2 de março de 2019

O Manel


Hoje encontrei o Manel a um dos cantos da Praça do Marquês de Pombal. Ia eu, como sempre, à procura de um café modesto, cabisbaixo, de olhos presos ao chão. Quando, em sentido contrário, ele me perguntou em voz alta, se eu estava bom. Levantei os olhos do chão e encarei-o, e as suas feições foram-me imediatamente familiares. Rapidamente cheguei a ele e aos anos que me trouxeram até aqui, quando já não encontro ninguém pela vida. Disse-lhe “estás com bom aspecto” e estava. Nem andrajoso, nem roto, nem sujo, nem descuidado. Simples, humilde, mas limpo e com bom aspecto. Um penso na parte posterior do pescoço, um quisto extraído, coisa sem importância, vinha do tratamento.

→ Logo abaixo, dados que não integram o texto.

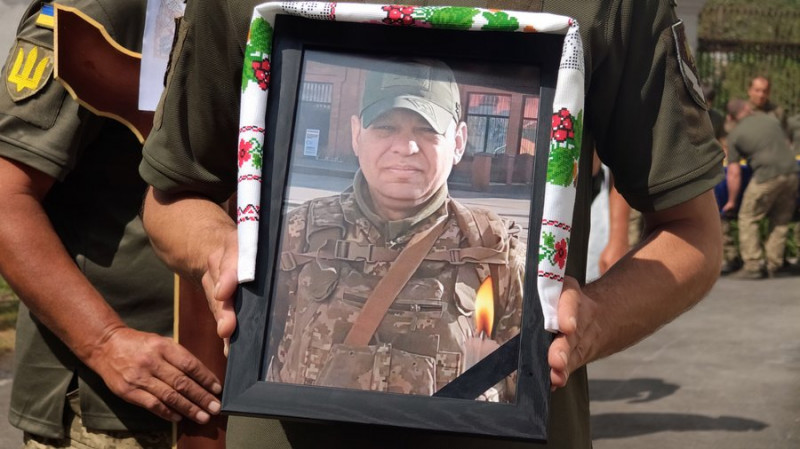 На Чернігівщині попрощалися з захисниками Олегом Гомоном, Станіславом Голубом, Ігорем Синицьким та Максимом Литвином
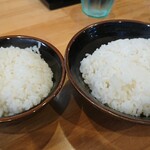 横浜ラーメン 北村家 - 半ライス（50円）とライス（100円）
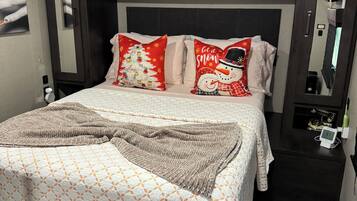 1 habitación, tabla de planchar con plancha, wifi gratis y ropa de cama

Ainda bem.


Aos anos que te não via Manel, às vezes lembro-me, pergunto por ti ao meu filho mais velho, mas sabes que ele se mudou, os anos passaram, hoje não anda pela baixa da cidade como andava antigamente. Demoliram o prédio, a baixa é uma floresta de pensões e de tabernas à espera de turistas jovens, de mochila às costas. E ele “já deve ter alguns trinta e cinco anos”. E eu “vai fazer este mês quarenta e seis”. E ele “pois, eu já tenho cinquenta e seis, e continuo por aí, por onde calha. O tempo não para”.

Sabe, tenho a minha filha ali adiante, nas freiras, está bem, anda na escola, no nono ou no décimo, nem sei dizer. A escola é naquela rua, e aponta com o dedo. A mãe dela morreu, era muito alcoólica e outras coisas, sabe como é, problemas. Não tem uma moedinha para eu comer alguma coisa, é para comer. Para ti, Manel, tenho sempre uma moedinha, e dei-lhe uma nota de cinco euros, sem nenhuma recomendação. É para comer, insistiu, e não lhe respondi. Mas pensei, gasta-a naquilo que mais te fizer falta, seja no que for. E penso que, pelo menos, a tísica a terás vencido como um valente. Para além disso, o futuro a Deus pertence.

Nem te falei de mim, sabes que há muito tempo não tenho nada para falar de mim a ninguém. Mas nem sabes como foi bom encontrar-te e ver-te bem. A reconheceres-me, a cumprimentares-me, a estenderes-me a mão. E revi-te com pouco mais de dez anos, miúdo de rua, perdido na zona da baixa, na ilha onde sobrevivia toda a tua família. Entre a miséria, a violência, o álcool e as drogas. Foi bom reencontrar-te, mesmo que me tenhas deixado esta tristeza que trago nos olhos, mais funda e mais líquida, meu sacana. E que Deus te acompanhe! Sempre, para que se não extinga esta lágrima de conforto que trouxeste à minha manhã de sábado.

1 Comentários:

Às 6:54 da tarde , Blogger bettips disse...

Há tantos anos, encontros e desencontros. Gostei de ler, as penas que a gente tem, gostei de vir aqui de novo!